## Goal of the exercise
Every line of the material must be restated exactly, though not its pictures.

## Dataset excerpt
- Opening Delimiter -

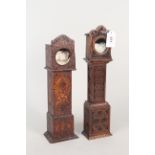 A carved oak pocket watch stand in the form of a long case clock,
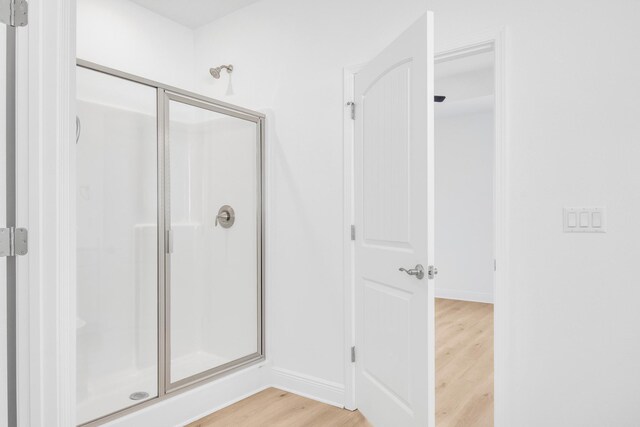 bathroom with hardwood / wood-style floors and an enclosed shower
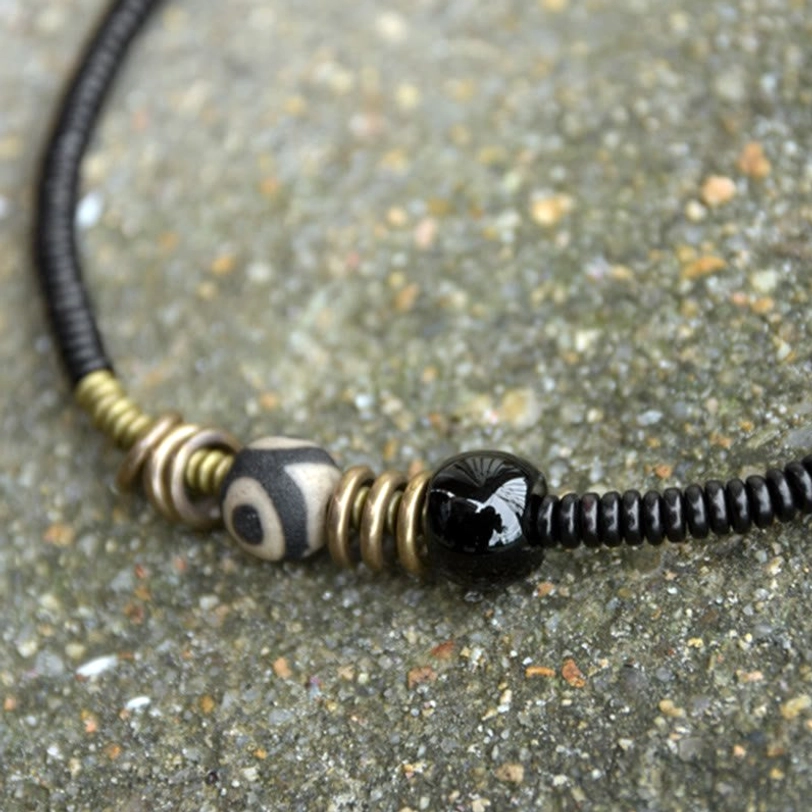 Dzi bead Tibetan protective amulet bracelet with ebony sandalwood and onyx combination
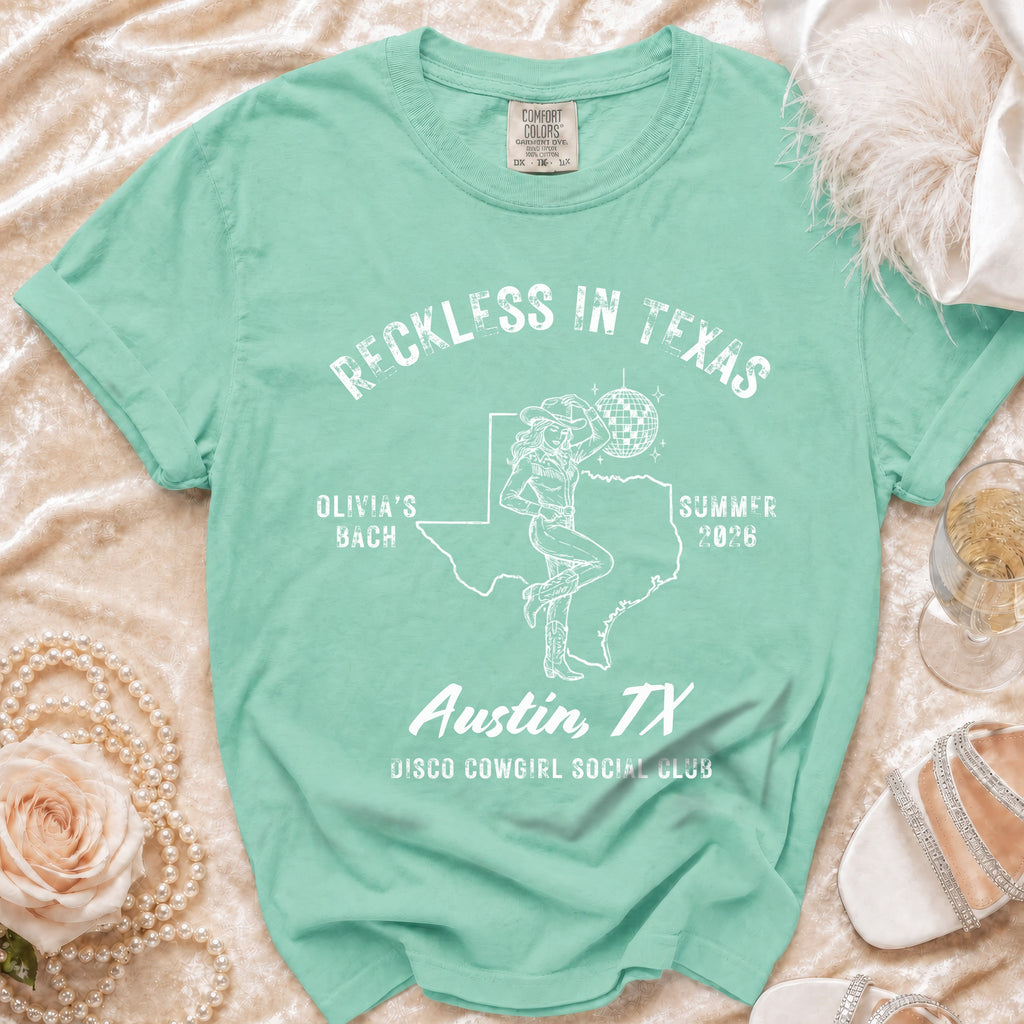 Mint green t-shirt with "Reckless in Texas" and "Disco Cowgirl Social Club" designs.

- Closing Delimiter -

## The answer
 A carved oak pocket watch stand in the form of a long case clock,
 bathroom with hardwood / wood-style floors and an enclosed shower
 Dzi bead Tibetan protective amulet bracelet with ebony sandalwood and onyx combination
 Mint green t-shirt with "Reckless in Texas" and "Disco Cowgirl Social Club" designs.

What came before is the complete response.